Let's say I have a set of $N$ random $k$-permutations $P_1,\ldots,P_N$ selected according to some probability distribution. I consider the probability distribution of the frequencies of contiguous pairs in a permuted sequence. I'm not sure how to express this properly so I'll give an example: with $k=4$ and the permutation $P_i=(24)$ we would reorder the sequence $[1,2,3,4]$ to $[1,4,3,2]$; what I call "contiguous pairs" for $P_i$ would be $(1, 4)$, $(4, 3)$, $(3, 2)$ and $(2, 1)$. So I can count the frequencies of the $k(k - 1)$ possible pairs for my $N$ permutations.
Now, my intuition is that, if my permutations are sampled according to a uniform distribution, then each of these frequencies should be about the same as $N \rightarrow \infty$, and they would follow a binomial distribution with $N$ trials and probability $1 / (k - 1)$, because for each permutation any element $a$ may be followed by any of the other $k - 1$ elements with equal probability. I'm not completely sure this is really correct, though, because there are relationships between the frequency values (i.e. $\sum_{i \in \{1,\ldots,k\}\setminus{\{a\}}}\text{frequency}((a, i)) = N\, \forall\, a \in \{1,\ldots,k\}$).

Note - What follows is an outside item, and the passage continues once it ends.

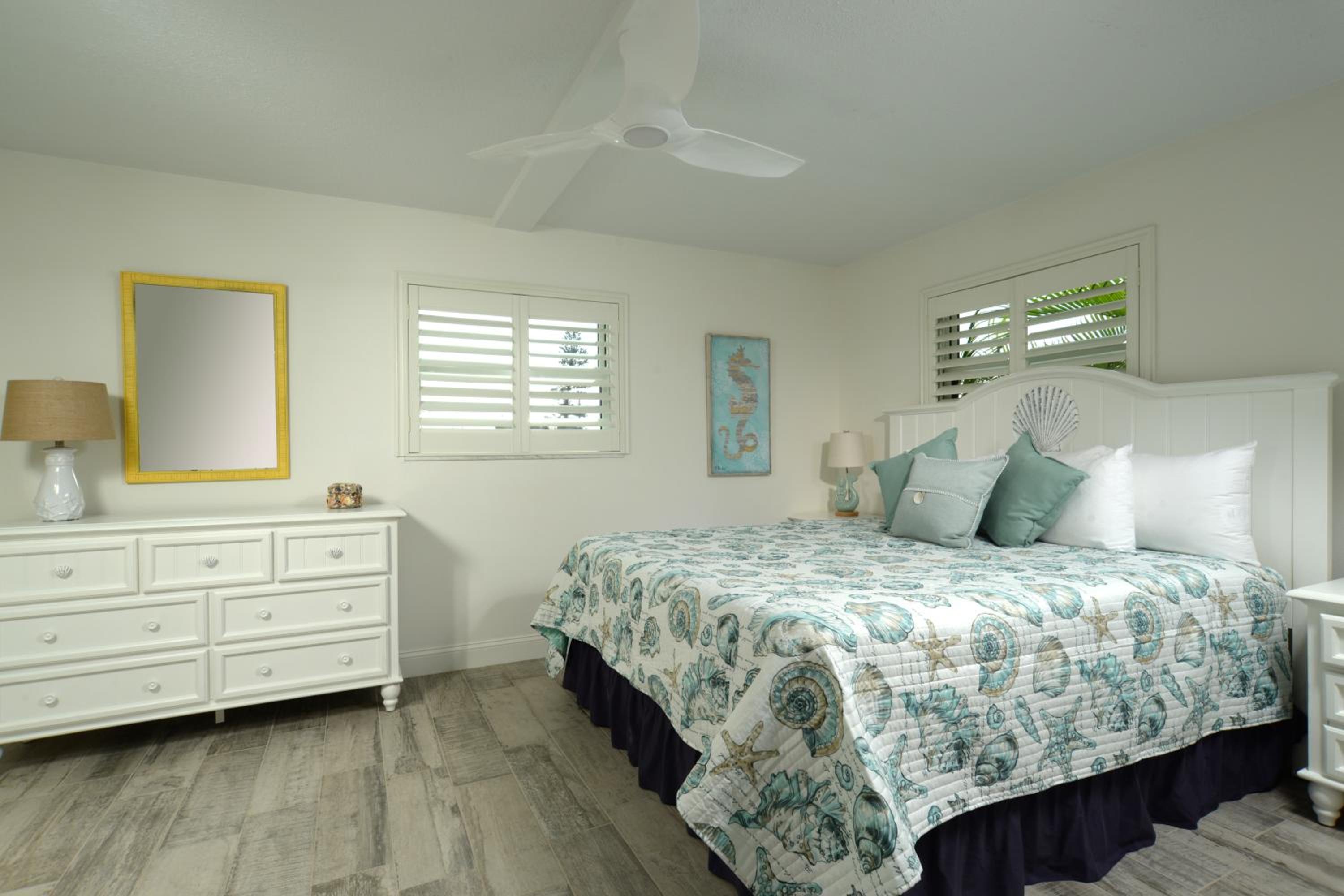 2 Bedroom Deluxe Suite - Photo 2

My question is, assuming the previous is actually correct, or otherwise that we know that uniformly sampled permutations have a probability distribution of frequencies of contiguous pairs $D$, can we invert the implication? That is, would observing $D$ in another set of random permutations mean they follow a uniform probability distribution?
EDIT:
I noticed that the above condition is definitely not enough for a uniform permutation distribution. You could imagine a random permutation such that the first element is always the same but the remaining ones are uniformly shuffled, then it would fulfill the condition but it wouldn't be what I am looking for. So I guess the conditions that I'd need to check are, following a uniform distribution of contiguous pairs and uniform probability of each element falling into each position.
Background:
I answered this question in Stack Overflow: How to verify that a shuffling algorithm is uniform? (I invite anyone willing to it to comment on my answer or post their own if they think it's wrong). I am a software engineer, so my background in statistics is not the strongest, but (after a misguided attempt) I proposed a small code snippet to measure the frequency with which each possible permutation was generated.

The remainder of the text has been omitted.